Task details —
Print, exactly as they appear in the listing below, the lines from the line with "Abisso Quilted Down" to the line with "Painted Textures Gold", with both end lines kept.

>>>>>

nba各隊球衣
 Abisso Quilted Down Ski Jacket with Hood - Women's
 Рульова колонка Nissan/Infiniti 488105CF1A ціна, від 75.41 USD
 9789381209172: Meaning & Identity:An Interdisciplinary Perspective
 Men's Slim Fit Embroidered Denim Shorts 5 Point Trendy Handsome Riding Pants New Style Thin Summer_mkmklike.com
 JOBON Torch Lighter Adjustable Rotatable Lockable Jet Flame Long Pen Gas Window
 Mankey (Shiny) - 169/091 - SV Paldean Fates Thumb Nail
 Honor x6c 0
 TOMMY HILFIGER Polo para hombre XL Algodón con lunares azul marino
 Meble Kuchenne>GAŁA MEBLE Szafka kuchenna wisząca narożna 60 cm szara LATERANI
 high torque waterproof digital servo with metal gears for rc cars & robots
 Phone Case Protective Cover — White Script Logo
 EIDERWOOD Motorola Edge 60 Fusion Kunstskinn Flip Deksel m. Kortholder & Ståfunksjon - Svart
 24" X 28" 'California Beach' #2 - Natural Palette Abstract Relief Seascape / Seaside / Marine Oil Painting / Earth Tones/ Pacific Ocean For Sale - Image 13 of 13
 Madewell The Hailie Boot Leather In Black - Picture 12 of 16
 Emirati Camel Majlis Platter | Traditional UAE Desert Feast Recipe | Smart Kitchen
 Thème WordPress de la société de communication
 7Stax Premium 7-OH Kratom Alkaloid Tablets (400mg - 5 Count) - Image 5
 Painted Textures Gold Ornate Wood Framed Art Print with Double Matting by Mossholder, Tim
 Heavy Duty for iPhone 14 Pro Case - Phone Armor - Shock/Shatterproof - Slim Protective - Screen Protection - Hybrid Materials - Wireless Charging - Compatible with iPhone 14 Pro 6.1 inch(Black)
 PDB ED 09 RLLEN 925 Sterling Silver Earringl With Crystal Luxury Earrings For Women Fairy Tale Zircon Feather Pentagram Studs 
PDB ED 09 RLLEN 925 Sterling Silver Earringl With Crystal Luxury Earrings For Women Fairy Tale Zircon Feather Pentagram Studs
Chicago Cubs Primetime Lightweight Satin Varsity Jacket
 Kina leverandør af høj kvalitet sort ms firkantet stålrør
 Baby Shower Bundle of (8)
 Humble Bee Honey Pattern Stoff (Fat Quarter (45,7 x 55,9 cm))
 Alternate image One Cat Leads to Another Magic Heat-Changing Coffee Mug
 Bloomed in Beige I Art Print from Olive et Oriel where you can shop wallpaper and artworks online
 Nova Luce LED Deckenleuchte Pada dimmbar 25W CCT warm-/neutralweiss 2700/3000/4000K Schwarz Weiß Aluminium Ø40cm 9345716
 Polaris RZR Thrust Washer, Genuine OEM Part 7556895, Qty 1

<<<<<

Result —
 Abisso Quilted Down Ski Jacket with Hood - Women's
 Рульова колонка Nissan/Infiniti 488105CF1A ціна, від 75.41 USD
 9789381209172: Meaning & Identity:An Interdisciplinary Perspective
 Men's Slim Fit Embroidered Denim Shorts 5 Point Trendy Handsome Riding Pants New Style Thin Summer_mkmklike.com
 JOBON Torch Lighter Adjustable Rotatable Lockable Jet Flame Long Pen Gas Window
 Mankey (Shiny) - 169/091 - SV Paldean Fates Thumb Nail
 Honor x6c 0
 TOMMY HILFIGER Polo para hombre XL Algodón con lunares azul marino
 Meble Kuchenne>GAŁA MEBLE Szafka kuchenna wisząca narożna 60 cm szara LATERANI
 high torque waterproof digital servo with metal gears for rc cars & robots
 Phone Case Protective Cover — White Script Logo
 EIDERWOOD Motorola Edge 60 Fusion Kunstskinn Flip Deksel m. Kortholder & Ståfunksjon - Svart
 24" X 28" 'California Beach' #2 - Natural Palette Abstract Relief Seascape / Seaside / Marine Oil Painting / Earth Tones/ Pacific Ocean For Sale - Image 13 of 13
 Madewell The Hailie Boot Leather In Black - Picture 12 of 16
 Emirati Camel Majlis Platter | Traditional UAE Desert Feast Recipe | Smart Kitchen
 Thème WordPress de la société de communication
 7Stax Premium 7-OH Kratom Alkaloid Tablets (400mg - 5 Count) - Image 5
 Painted Textures Gold Ornate Wood Framed Art Print with Double Matting by Mossholder, Tim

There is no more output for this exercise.